A 175-pound force and a 230-pound force are acting on the same point in directions that differ by 42°. What is the angle that the resultant makes with

the 175-pound force?

complete the "parallelogram"

let the resultant have a magnitude of R

I see it as:
R^2 = 175^2 + 230^2 - 2(175)(230)cos138°
find R
label the angle the resultant makes with the 175 pound force be Ø

then by sine law:
sinØ/230 = sin 138°/R

find Ø

Just noticed that Steve did the same question using components

http://www.jiskha.com/display.cgi?id=1343845975

take your choice, both give 24° to the nearest degree.

To find the angle that the resultant makes with the 175-pound force, we can use the concept of vector addition. The resultant of two vectors can be found by adding them together using the parallelogram law of vector addition.

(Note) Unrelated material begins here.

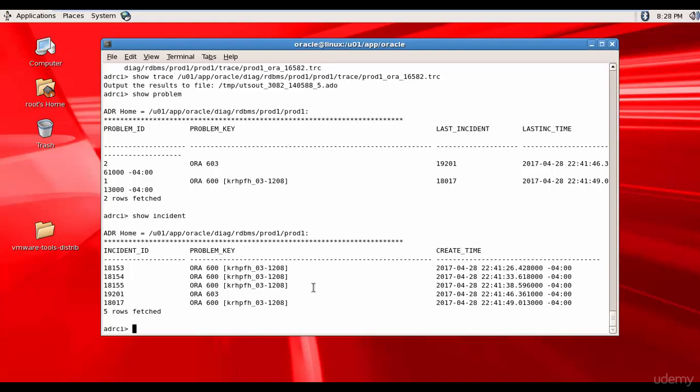Now as a DBA you're thinking the database is constantly getting ORA 600 error. I need to send this to Oracle support so that they can diagnose and let me know the solution. So let's package it. And before packaging it, if you want more additional information regarding any incident, we can see that.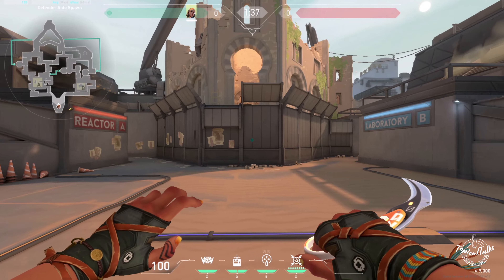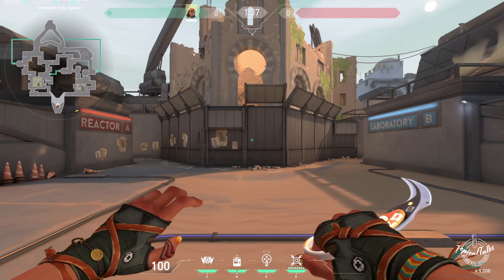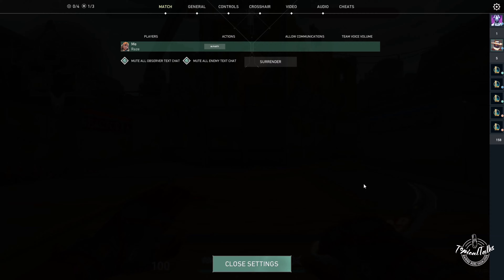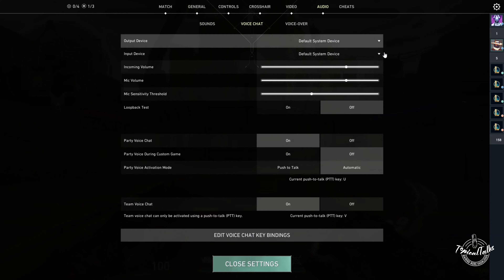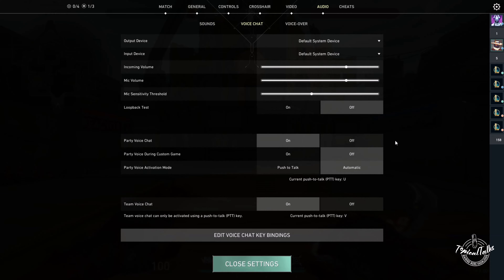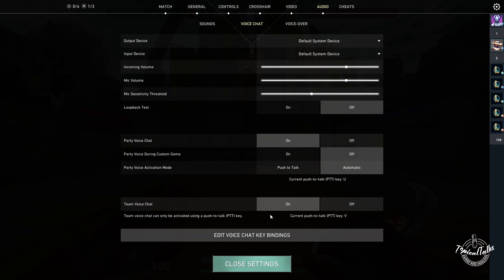First, press Escape in-game, then go to Audio, then Voice Chat. In here, make sure that Party Voice Chat and Team Voice Chat are on, and verify the hotkeys that are being used for both of them.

First, let's resolve both forces into their x and y components. We'll use trigonometry to do this.

The 175-pound force can be resolved as follows:
Fx1 = 175 * cos(0°)
Fy1 = 175 * sin(0°)

The 230-pound force can be resolved as follows:
Fx2 = 230 * cos(42°)
Fy2 = 230 * sin(42°)

Next, we'll add the x and y components of both forces to find the resultant components:
Rx = Fx1 + Fx2
Ry = Fy1 + Fy2

Now, we can calculate the magnitude of the resultant force:
R = sqrt(Rx^2 + Ry^2)

Finally, we can find the angle that the resultant makes with the 175-pound force using trigonometry:
θ = arctan(Ry / Rx)

By plugging in the calculated values, we can solve for θ.